_Assignment:_
In the entries below, find the line containing "JTDKN3DU3F0457919 TOYOTA PRIUS 2015". Write out that line and all lines after it, exactly, and nothing else.

_Items listed in a dataset:_
○ ○ ○

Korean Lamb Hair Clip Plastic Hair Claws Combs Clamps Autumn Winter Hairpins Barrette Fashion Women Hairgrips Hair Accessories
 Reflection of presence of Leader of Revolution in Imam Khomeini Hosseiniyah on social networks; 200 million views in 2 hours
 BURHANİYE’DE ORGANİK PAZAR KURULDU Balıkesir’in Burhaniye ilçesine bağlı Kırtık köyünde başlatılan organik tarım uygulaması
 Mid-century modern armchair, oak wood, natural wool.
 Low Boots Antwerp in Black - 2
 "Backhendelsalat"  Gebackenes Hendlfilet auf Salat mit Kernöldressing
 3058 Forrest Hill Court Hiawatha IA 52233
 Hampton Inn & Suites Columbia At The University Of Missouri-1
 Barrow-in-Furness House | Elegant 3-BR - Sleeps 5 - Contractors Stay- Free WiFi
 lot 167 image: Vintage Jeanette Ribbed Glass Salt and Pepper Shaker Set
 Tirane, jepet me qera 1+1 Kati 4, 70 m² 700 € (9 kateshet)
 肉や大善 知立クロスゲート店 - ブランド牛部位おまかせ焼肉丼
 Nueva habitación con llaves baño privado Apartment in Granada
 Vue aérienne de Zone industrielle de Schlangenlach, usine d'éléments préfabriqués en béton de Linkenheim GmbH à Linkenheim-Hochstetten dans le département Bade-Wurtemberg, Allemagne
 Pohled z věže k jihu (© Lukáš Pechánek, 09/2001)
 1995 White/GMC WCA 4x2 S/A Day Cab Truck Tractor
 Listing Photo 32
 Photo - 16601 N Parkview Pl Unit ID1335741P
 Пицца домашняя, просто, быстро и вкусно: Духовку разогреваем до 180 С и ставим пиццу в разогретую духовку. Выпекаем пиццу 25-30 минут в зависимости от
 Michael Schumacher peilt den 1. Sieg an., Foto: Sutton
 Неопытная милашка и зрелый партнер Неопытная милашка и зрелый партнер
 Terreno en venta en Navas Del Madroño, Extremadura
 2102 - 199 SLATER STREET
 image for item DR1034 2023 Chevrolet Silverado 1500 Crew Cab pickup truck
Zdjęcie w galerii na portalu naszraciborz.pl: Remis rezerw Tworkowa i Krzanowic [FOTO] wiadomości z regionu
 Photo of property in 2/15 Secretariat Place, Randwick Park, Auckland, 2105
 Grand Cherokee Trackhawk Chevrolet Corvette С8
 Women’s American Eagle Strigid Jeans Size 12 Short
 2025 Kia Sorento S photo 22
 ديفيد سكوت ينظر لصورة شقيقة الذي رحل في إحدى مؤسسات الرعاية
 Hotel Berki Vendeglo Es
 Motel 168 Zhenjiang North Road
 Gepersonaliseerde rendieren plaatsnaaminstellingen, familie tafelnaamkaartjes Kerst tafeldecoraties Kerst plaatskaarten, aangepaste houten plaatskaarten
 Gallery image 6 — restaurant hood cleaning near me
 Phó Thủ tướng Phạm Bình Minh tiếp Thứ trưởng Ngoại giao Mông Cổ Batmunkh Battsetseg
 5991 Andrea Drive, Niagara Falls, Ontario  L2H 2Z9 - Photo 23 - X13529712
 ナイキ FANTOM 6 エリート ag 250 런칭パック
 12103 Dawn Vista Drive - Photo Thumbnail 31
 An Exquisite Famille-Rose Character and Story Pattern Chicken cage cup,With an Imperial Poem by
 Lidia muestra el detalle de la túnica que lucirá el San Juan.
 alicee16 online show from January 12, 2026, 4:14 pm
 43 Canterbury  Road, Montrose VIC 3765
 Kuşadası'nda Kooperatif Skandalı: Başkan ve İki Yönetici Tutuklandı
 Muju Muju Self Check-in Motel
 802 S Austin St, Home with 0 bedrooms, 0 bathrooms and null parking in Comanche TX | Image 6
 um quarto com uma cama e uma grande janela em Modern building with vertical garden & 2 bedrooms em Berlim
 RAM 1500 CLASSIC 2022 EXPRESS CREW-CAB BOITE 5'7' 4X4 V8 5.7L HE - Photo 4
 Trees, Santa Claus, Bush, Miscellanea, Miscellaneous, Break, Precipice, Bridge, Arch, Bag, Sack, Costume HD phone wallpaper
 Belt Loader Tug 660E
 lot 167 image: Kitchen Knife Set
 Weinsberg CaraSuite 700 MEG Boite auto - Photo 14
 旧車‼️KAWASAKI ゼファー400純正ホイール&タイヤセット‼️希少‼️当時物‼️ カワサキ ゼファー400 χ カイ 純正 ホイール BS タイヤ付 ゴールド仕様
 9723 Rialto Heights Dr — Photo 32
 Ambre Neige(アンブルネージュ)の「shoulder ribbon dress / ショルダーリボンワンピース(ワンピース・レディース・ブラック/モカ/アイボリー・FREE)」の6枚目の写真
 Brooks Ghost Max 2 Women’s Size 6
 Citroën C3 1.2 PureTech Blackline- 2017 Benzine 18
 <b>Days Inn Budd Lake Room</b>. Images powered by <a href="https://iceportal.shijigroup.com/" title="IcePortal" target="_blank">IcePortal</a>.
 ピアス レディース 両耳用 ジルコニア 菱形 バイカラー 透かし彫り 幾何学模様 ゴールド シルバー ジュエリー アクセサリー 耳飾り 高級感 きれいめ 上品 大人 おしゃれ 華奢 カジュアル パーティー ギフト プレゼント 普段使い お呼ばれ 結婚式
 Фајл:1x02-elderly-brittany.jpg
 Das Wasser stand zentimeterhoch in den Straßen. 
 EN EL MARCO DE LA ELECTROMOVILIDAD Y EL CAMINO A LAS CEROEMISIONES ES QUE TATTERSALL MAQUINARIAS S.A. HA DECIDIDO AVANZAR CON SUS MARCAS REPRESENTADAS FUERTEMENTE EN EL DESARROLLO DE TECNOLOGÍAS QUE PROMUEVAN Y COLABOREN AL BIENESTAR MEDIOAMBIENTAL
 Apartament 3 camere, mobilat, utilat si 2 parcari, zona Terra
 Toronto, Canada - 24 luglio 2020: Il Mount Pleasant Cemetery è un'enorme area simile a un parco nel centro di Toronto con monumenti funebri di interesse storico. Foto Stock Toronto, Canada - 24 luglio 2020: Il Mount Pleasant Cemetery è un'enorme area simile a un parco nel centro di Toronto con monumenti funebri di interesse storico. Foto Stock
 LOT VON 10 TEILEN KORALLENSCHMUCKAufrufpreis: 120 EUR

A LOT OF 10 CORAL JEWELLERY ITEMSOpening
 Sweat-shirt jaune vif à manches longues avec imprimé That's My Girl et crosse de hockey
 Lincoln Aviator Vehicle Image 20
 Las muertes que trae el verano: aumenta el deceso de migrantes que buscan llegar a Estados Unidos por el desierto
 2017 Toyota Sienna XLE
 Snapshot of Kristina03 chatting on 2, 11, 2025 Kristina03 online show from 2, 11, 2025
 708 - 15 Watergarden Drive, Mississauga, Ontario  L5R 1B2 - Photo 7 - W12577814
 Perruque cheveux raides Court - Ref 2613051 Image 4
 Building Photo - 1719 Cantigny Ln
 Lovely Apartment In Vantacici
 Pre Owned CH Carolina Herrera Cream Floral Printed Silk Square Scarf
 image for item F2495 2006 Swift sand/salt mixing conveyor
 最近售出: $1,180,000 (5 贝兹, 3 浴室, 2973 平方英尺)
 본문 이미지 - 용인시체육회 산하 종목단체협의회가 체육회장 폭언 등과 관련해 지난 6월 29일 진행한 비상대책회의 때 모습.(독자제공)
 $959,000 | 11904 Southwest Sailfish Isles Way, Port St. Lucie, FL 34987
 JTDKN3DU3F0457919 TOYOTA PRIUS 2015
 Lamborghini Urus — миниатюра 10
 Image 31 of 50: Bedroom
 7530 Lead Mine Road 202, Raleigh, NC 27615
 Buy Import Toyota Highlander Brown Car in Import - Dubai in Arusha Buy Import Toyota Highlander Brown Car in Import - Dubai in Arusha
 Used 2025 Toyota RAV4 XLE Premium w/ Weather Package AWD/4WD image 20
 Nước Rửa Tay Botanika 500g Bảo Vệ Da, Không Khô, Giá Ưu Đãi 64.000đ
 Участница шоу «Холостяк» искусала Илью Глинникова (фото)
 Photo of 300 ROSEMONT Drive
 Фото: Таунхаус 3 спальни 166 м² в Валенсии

○ ○ ○

_Answer to this problem:_
 JTDKN3DU3F0457919 TOYOTA PRIUS 2015
 Lamborghini Urus — миниатюра 10
 Image 31 of 50: Bedroom
 7530 Lead Mine Road 202, Raleigh, NC 27615
 Buy Import Toyota Highlander Brown Car in Import - Dubai in Arusha Buy Import Toyota Highlander Brown Car in Import - Dubai in Arusha
 Used 2025 Toyota RAV4 XLE Premium w/ Weather Package AWD/4WD image 20
 Nước Rửa Tay Botanika 500g Bảo Vệ Da, Không Khô, Giá Ưu Đãi 64.000đ
 Участница шоу «Холостяк» искусала Илью Глинникова (фото)
 Photo of 300 ROSEMONT Drive
 Фото: Таунхаус 3 спальни 166 м² в Валенсии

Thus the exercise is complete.